I've encountered a text claiming that:
$$L:=\mathbb{Z}_{p^2} \rtimes \mathbb{Z}_p $$ when the semidirect product is defined using:
$$\beta: \mathbb{Z}_p \to Aut(L)$$
$$ \beta ([1])=\alpha_{[p+1]}$$
where $\alpha_{[p+1]}(g) = g^{p+1}$
is a non-abelian group of order $p^3$ which has an element of order $p^2$.
I can only justify why it is non-abelian, and that is by using a theorem that states that a semidrect product is abelian iff each of its constituents is abelian and $\beta$ is trivial. Since $\beta$ here is not trivial, then this is not abelian.

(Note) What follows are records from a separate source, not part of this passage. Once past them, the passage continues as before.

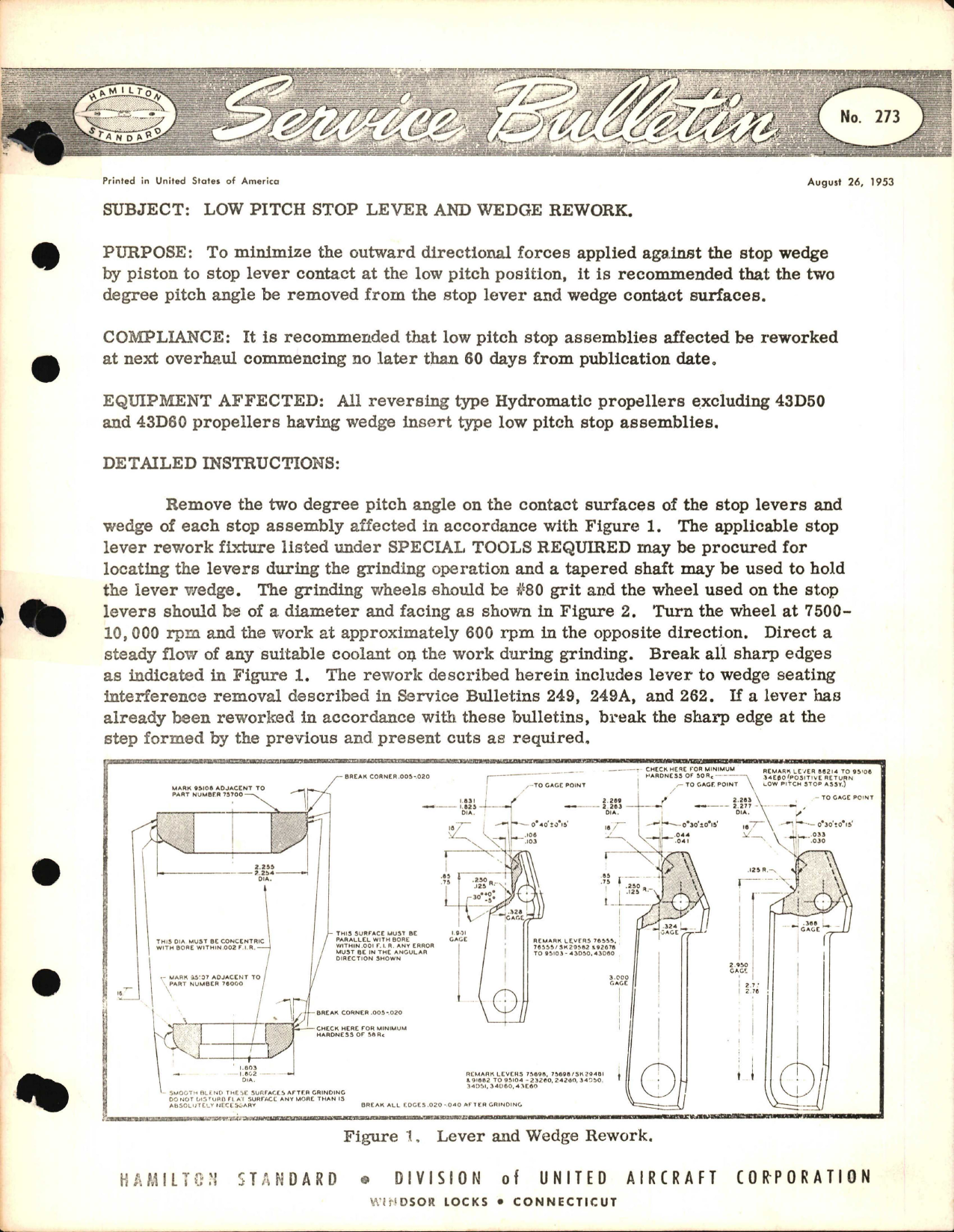 Sample page 1 from AirCorps Library document: Low Pitch Stop Lever and Wedge Rework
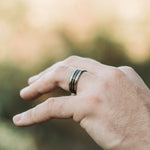 (In-Stock) The Infantryman | Titanium Wedding Band with WWI Uniform Wool and Copper - Size 10.5 / 8mm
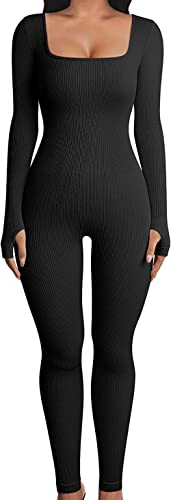 Loalirando Damen Quadratischer Kragen Ärmellos Jumpsuit Einteiler Slim Fit Lang Romper Overall mit Bootcut-Hose Streetwear (Schwarz-A, L) von Loalirando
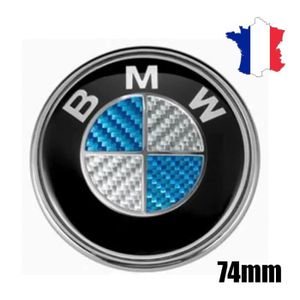 INSIGNE MARQUE AUTO Emblème capot BMW Neuf : 74mm Fibre de carbone BLE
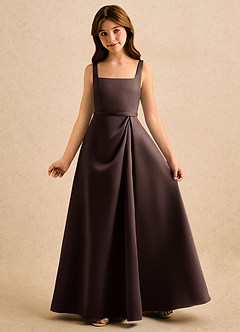 Azazie Emiko Girls Formal Robe Demoiselle D'honneur Fillette Robe Trapèze en Mat Satiné Plissée Ganache image4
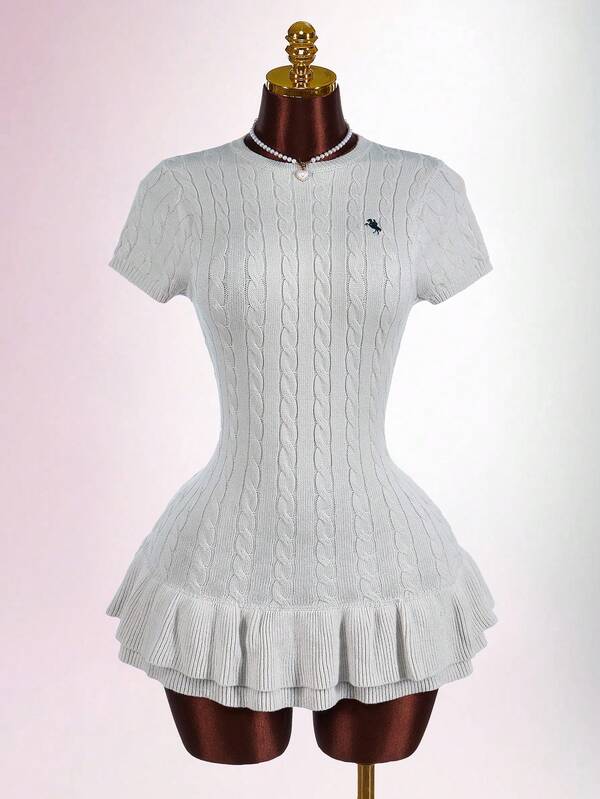 Amplova Women Knight Pattern Round Neck Short Sleeve Ruffled Hem Knit Dress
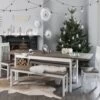 Nordic Dining Table With 5 Chairs, Bench & 2 Extensions In Classic White And Pine -Furniture Store nordic dining table with 5 chairs bench 2 extensions in classic white and pine p733 9433 image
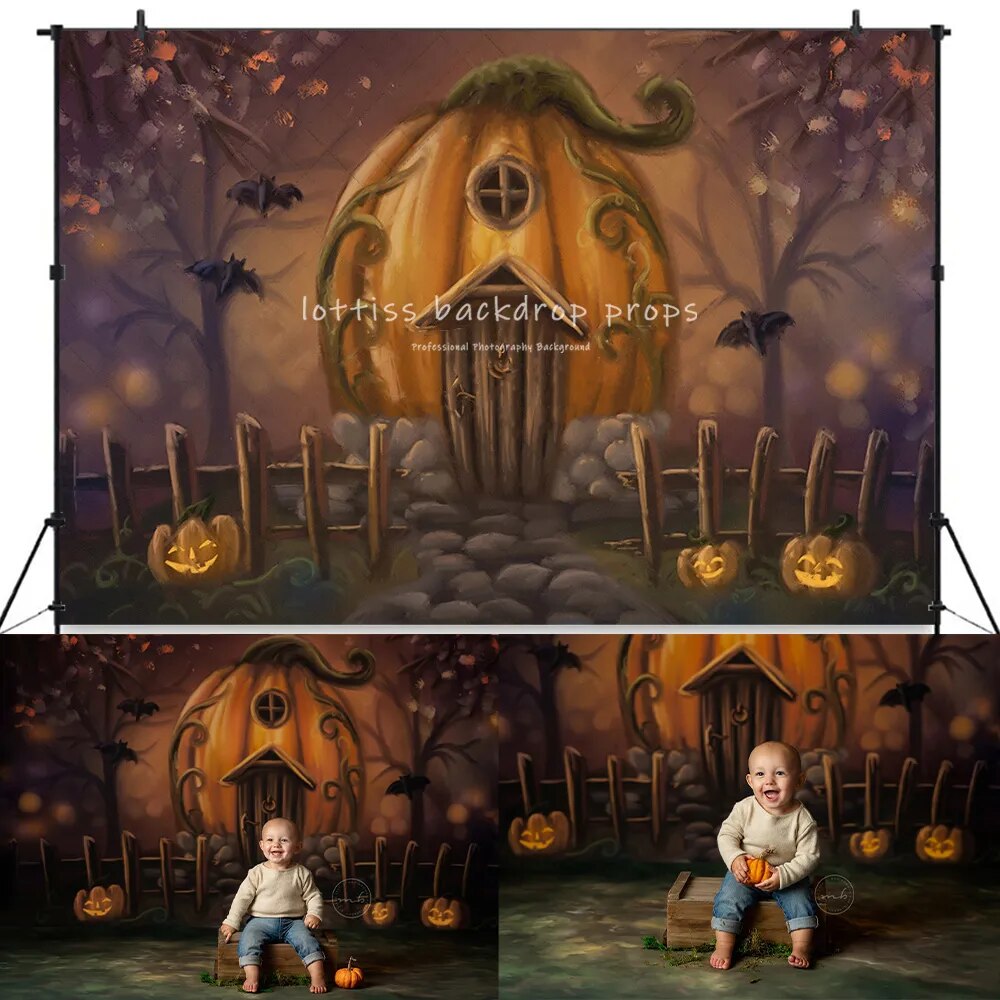 Arrière-plan de maison de citrouille effrayante d'halloween, accessoires de photographie pour enfants et bébés, gâteau d'anniversaire pour adultes et enfants, arrière-plan de Festival Smash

I cannot seem to justify the rest -- why is it of order $p^3$? And how can I show there's an element of order $p^2$? (perhaps for the latter it would be sufficient to show that $\mathbb{Z}_{p^2}$ is cyclic with generator $a$ and then take $(a,1)$? But I'm unable to prove that it's cyclic (and I actually think it cannot be because then it would 'collapse' to $\mathbb{Z}_p$) - EDIT: I can see this would be obtained using Cauchy from knowing it's $p^3$. So now I'm still left with that $p^3$).
What am I missing?
Remark that $G$ is the semidirect product of two subgroups $H, K$ iff the following holds :$H$ is normal, $$G=HK$$, $$H\cap K=\{e\} $$ In particular, the map $$H\times K \to G$$ $$f(h, k) =hk$$ is a bijection. So, $$\lvert G\rvert =\lvert H\rvert \times \lvert K\rvert =p^{3}$$ Moreover Cauchy give the existence of elements having prime order for every prime dividing the order of the group, so it doesn't give elements of order $p^{2}$,in fact your first choice can be modified, to consider the element $(a, 0)$ which has order $p^{2}$.